-- Exercise inputs follows --
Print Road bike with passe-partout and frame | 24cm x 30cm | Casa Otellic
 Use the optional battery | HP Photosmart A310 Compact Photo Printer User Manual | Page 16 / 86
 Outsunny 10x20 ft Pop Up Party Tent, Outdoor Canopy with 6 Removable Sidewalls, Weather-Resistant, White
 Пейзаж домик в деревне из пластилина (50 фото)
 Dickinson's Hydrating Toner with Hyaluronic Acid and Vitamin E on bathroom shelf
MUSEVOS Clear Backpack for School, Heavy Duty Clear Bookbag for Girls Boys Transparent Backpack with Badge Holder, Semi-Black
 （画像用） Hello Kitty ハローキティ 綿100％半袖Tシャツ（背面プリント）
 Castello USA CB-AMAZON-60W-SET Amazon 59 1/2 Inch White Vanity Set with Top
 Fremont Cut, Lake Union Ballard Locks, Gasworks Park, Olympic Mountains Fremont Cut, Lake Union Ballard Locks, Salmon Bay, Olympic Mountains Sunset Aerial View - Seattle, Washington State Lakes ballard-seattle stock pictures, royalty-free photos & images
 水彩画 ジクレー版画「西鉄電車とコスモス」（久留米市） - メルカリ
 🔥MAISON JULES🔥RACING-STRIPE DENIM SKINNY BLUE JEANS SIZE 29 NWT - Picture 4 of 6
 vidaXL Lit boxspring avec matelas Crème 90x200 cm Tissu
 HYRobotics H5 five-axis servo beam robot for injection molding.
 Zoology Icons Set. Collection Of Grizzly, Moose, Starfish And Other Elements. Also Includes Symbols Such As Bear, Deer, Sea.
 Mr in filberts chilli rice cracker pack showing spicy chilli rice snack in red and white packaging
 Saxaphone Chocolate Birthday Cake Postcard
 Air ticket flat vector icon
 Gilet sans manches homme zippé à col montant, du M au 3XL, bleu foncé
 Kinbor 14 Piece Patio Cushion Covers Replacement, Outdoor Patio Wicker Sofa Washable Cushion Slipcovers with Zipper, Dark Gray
-- Exercise inputs concluded --
● What to do: The full listing is to be printed again exactly as it stands.

● Expected answer:
Print Road bike with passe-partout and frame | 24cm x 30cm | Casa Otellic
 Use the optional battery | HP Photosmart A310 Compact Photo Printer User Manual | Page 16 / 86
 Outsunny 10x20 ft Pop Up Party Tent, Outdoor Canopy with 6 Removable Sidewalls, Weather-Resistant, White
 Пейзаж домик в деревне из пластилина (50 фото)
 Dickinson's Hydrating Toner with Hyaluronic Acid and Vitamin E on bathroom shelf
MUSEVOS Clear Backpack for School, Heavy Duty Clear Bookbag for Girls Boys Transparent Backpack with Badge Holder, Semi-Black
 （画像用） Hello Kitty ハローキティ 綿100％半袖Tシャツ（背面プリント）
 Castello USA CB-AMAZON-60W-SET Amazon 59 1/2 Inch White Vanity Set with Top
 Fremont Cut, Lake Union Ballard Locks, Gasworks Park, Olympic Mountains Fremont Cut, Lake Union Ballard Locks, Salmon Bay, Olympic Mountains Sunset Aerial View - Seattle, Washington State Lakes ballard-seattle stock pictures, royalty-free photos & images
 水彩画 ジクレー版画「西鉄電車とコスモス」（久留米市） - メルカリ
 🔥MAISON JULES🔥RACING-STRIPE DENIM SKINNY BLUE JEANS SIZE 29 NWT - Picture 4 of 6
 vidaXL Lit boxspring avec matelas Crème 90x200 cm Tissu
 HYRobotics H5 five-axis servo beam robot for injection molding.
 Zoology Icons Set. Collection Of Grizzly, Moose, Starfish And Other Elements. Also Includes Symbols Such As Bear, Deer, Sea.
 Mr in filberts chilli rice cracker pack showing spicy chilli rice snack in red and white packaging
 Saxaphone Chocolate Birthday Cake Postcard
 Air ticket flat vector icon
 Gilet sans manches homme zippé à col montant, du M au 3XL, bleu foncé
 Kinbor 14 Piece Patio Cushion Covers Replacement, Outdoor Patio Wicker Sofa Washable Cushion Slipcovers with Zipper, Dark Gray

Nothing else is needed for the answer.